Your output should be the line with "A couple posing" and all following lines of the data below, through the end, repeated exactly.

### COLLECTED DATA
::::
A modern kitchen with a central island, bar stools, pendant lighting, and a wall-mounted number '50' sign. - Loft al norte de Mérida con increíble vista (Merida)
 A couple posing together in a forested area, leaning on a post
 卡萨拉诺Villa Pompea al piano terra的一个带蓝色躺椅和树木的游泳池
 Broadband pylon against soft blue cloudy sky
::::
### WORKED SOLUTION
 A couple posing together in a forested area, leaning on a post
 卡萨拉诺Villa Pompea al piano terra的一个带蓝色躺椅和树木的游泳池
 Broadband pylon against soft blue cloudy sky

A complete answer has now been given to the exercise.